## HOW TO COMPLETE THIS TASK
For the data below, retype word for word the lines from the one containing "Mbappé e Ekitike" through the one containing "piccolo ventilatore da tavolo"; drop the pictures.

## ENTRIES PROVIDED
◆ ◆ ◆ ◆
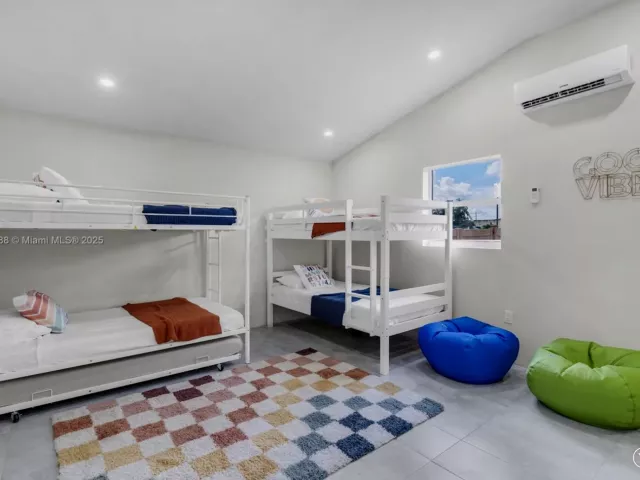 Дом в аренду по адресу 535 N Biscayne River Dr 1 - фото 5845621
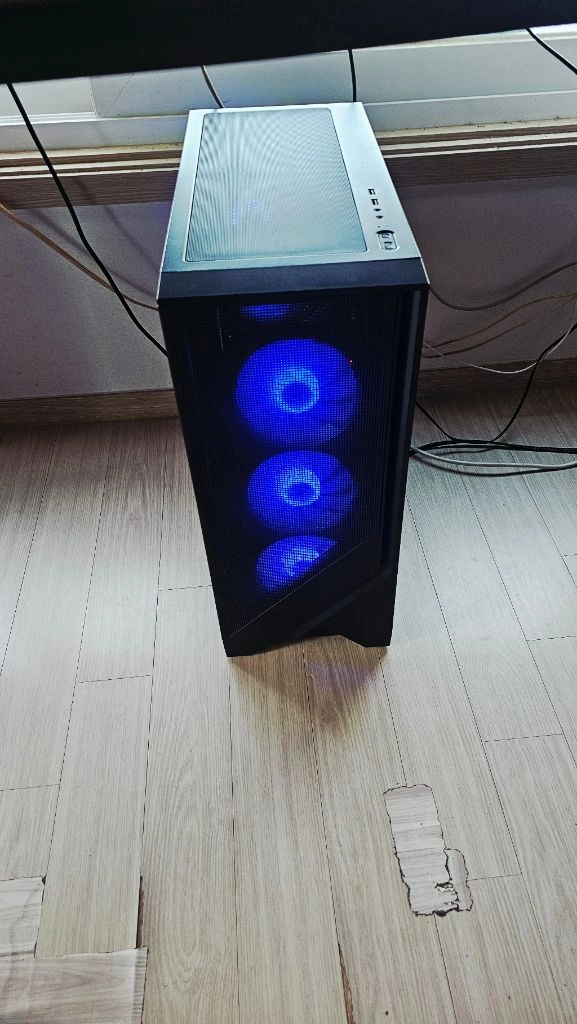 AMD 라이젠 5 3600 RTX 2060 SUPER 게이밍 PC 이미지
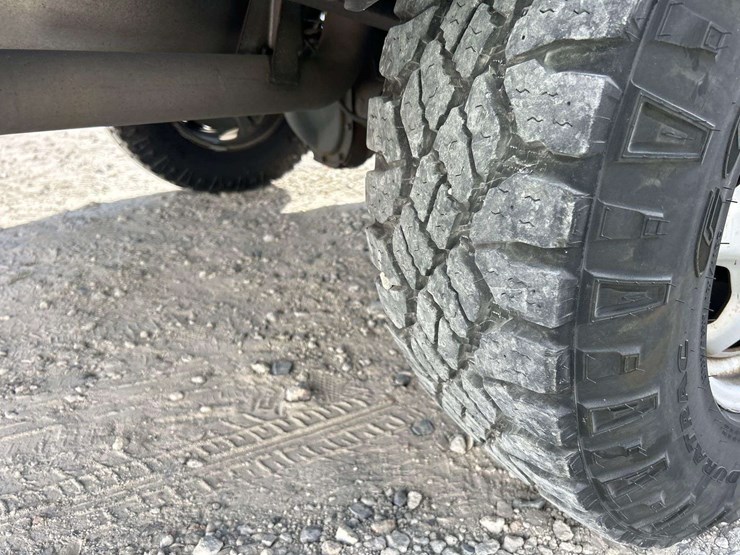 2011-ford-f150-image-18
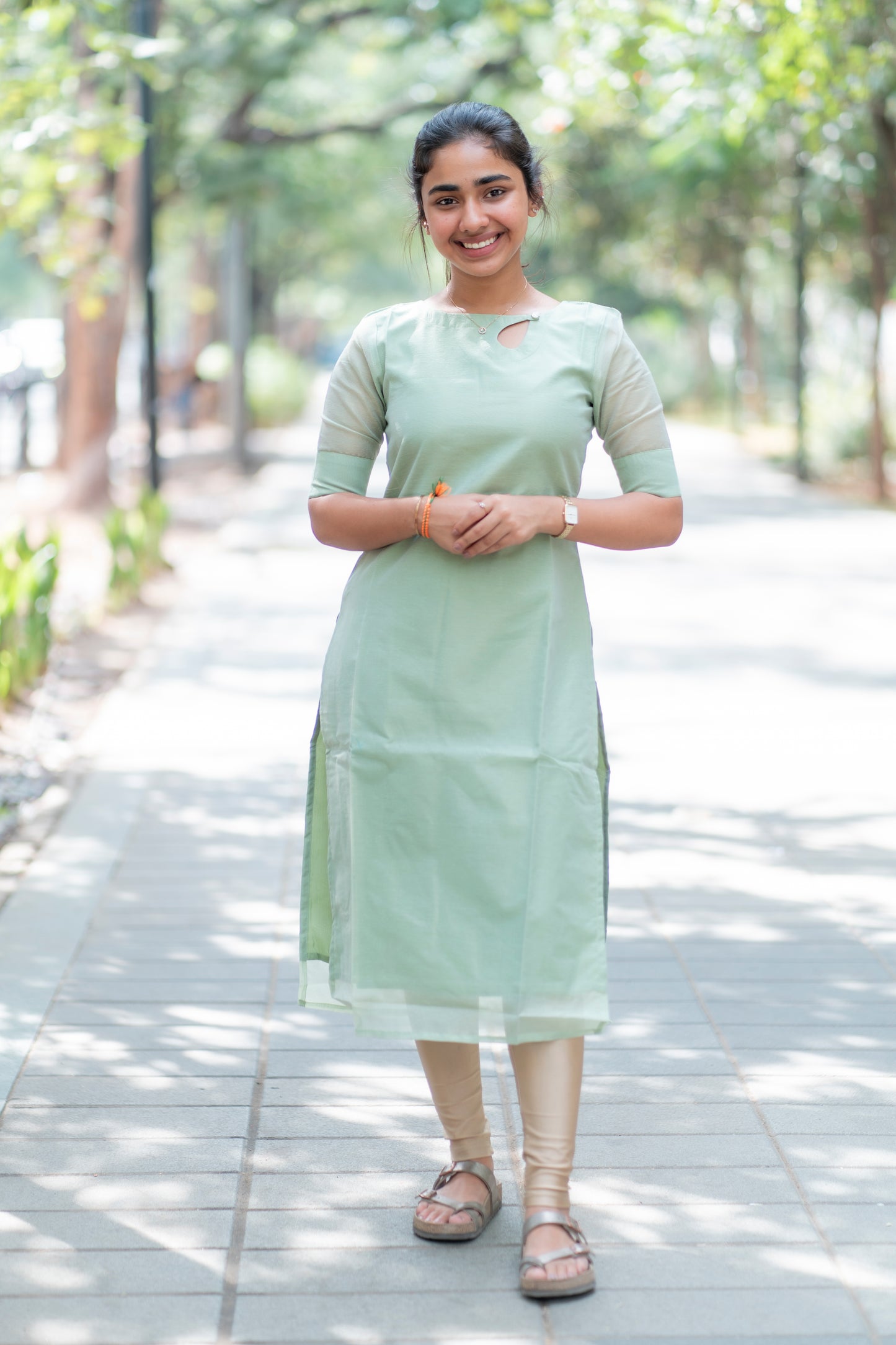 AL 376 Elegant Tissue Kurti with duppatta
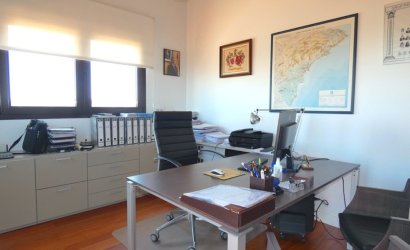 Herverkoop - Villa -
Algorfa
◆ ◆ ◆ ◆
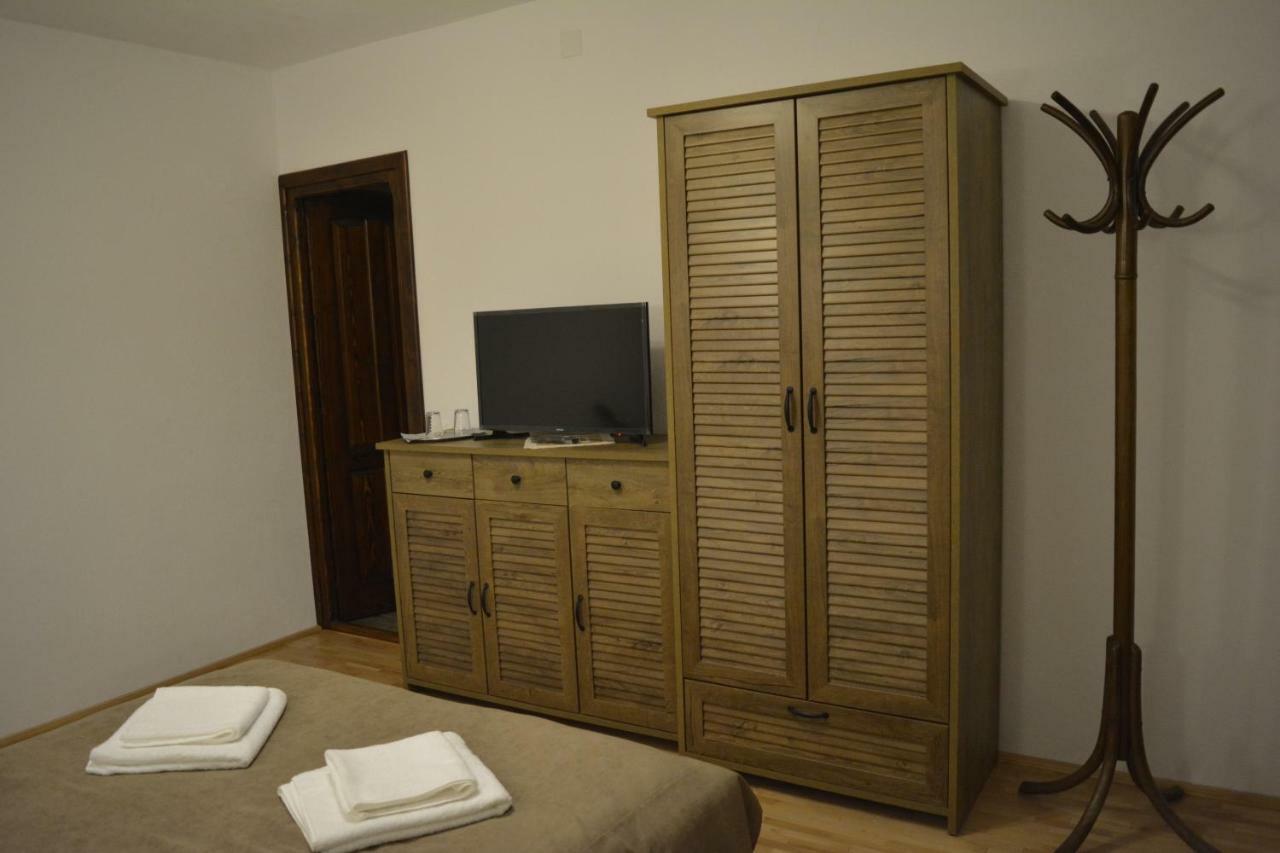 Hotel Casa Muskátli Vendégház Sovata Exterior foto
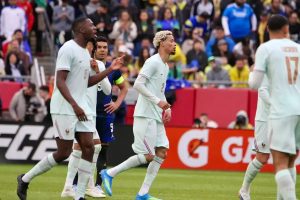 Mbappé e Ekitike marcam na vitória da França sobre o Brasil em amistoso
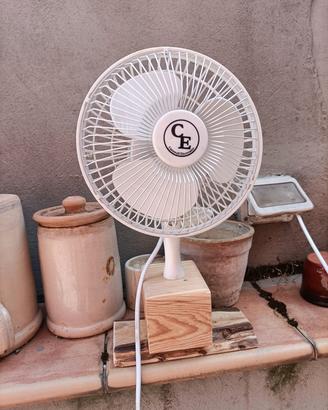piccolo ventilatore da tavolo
◆ ◆ ◆ ◆
## OUTPUT
 Mbappé e Ekitike marcam na vitória da França sobre o Brasil em amistoso
piccolo ventilatore da tavolo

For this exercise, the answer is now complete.